What is in this article?:
- Storm chasing technology gaining favor with viewers
- An extension of the promo department
For local stations, getting as close to the “action” as possible has meant improved ratings and more accurate storm coverage.
An extension of the promo department
E-N-G Mobile Systems is another veteran company that builds newsgathering vans and retrofitted SUVs. It recently finished a weather van for KOVR-TV, the CBS affiliate in Sacramento, CA. The state-of-the-art technology inside the Toyota Sequoia includes a full-scale weather station and a rooftop mounted LED crawl that displays breaking weather information in real time, and a new Xtender antenna from LiveU helps improves bonded cellular reception. (KOVR’s new weather truck will be on display at the NAB Outdoor/mobile area; booth #OE820.)
“Weather vans are an extension of a station’s promo department and really add to the value of a newscast,” said Rex Reed, Director, Business and Product Development at E-N-G Mobile Systems, in West Grove, PA. “I think stations are being very competitive and adding new technology to cover the news when it makes sense. That being said, if you want high-quality images on-air, there will always be a need for a satellite truck on-site to support these weather vans (and cellular transmission technology). They can't do it all.”
Live coverage on the go
Of course, no network or channel is perhaps better versed in weather coverage than The Weather Channel. Over the past five seasons, host Mike Bettes and the “Tornado Hunt team” has traveled more than 100,000mi in search of tornadoes and other extreme weather events. The primary chase vehicle — the "Bettes Mobile” — is equipped with multiple interior/exterior live cameras, including a 360-degree roof cam. Installed by NBC News Field Operations, the team uses a gyro-stabilized satellite antenna to broadcast live while the vehicles are in motion. The Tornado Hunt convoy is currently in Dallas and positioned in the event of an early tornado season outbreak. Tornado Hunt 2013 “officially” launches April 29 and ends May 11.
“The big challenge was designing the equipment to allow us to broadcast from virtually anywhere,” said Mike Jenkins, senior producer of special events at The Weather Channel. A crew of seven to nine people — three to four Weather Channel staff and two to three NBC News field operations engineers — travels with three vehicles that operate as a convoy.
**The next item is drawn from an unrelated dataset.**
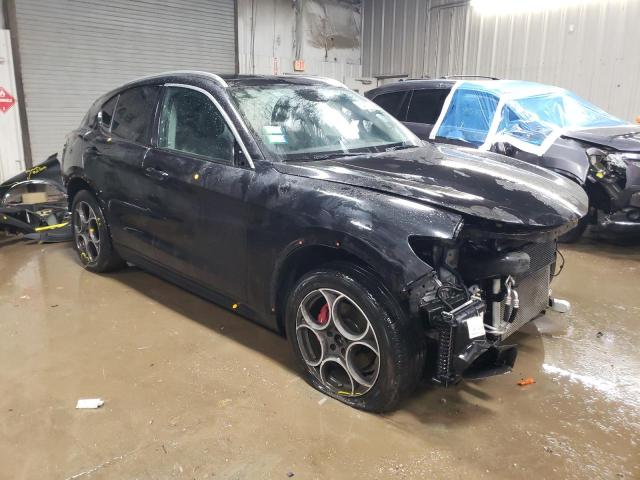 ZASFAKBN8J7B94420 - 2018 ALFA ROMEO STELVIO TI Қара фото 4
Before Tornado Hunt begins, the Weather Channel rents two GMC Yukon SUVs for the season, which are sent to the NBC field operations facility in Long Island, City, NY. to be outfitted with the necessary equipment. A third satellite KU uplink truck also goes along to send live signals back to The Weather Channel headquarters in Dallas, TX.
Jenkins said the gyro-stabilized antenna on the roof is perhaps their most useful tool because, “We broadcast while moving much more than we do sitting still. The gyro antenna does a great job, even when traveling at 70mph. However, under bridges and trees are sometimes problematic for getting the signal out. That’s why the plains are the ideal topology for us.”
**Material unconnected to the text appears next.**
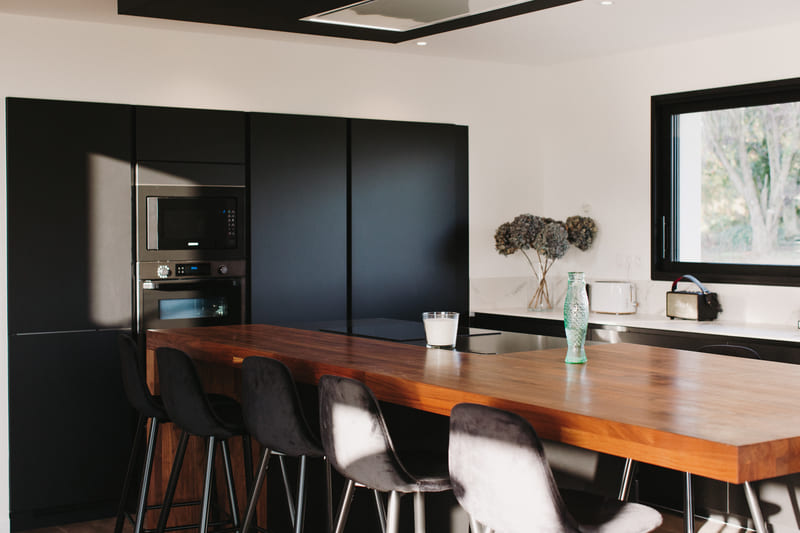 Cuisine de luxe noir en granit, Dekton et bois massif à Brielles | Raison Home - 7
He added that high precipitation areas or “cells” are the worst, in terms of sending out a “clean” live signal.
“Our goal is always to work from the south side of an event, since we have to hit a satellite orbiting over the south," Jenkins said. "Our dream shot is a nice backlit storm. It doesn't always work out that well, but we try. It’s weather, after all, so it’s highly unpredictable. That’s why it’s key that we can move and broadcast at the same time.”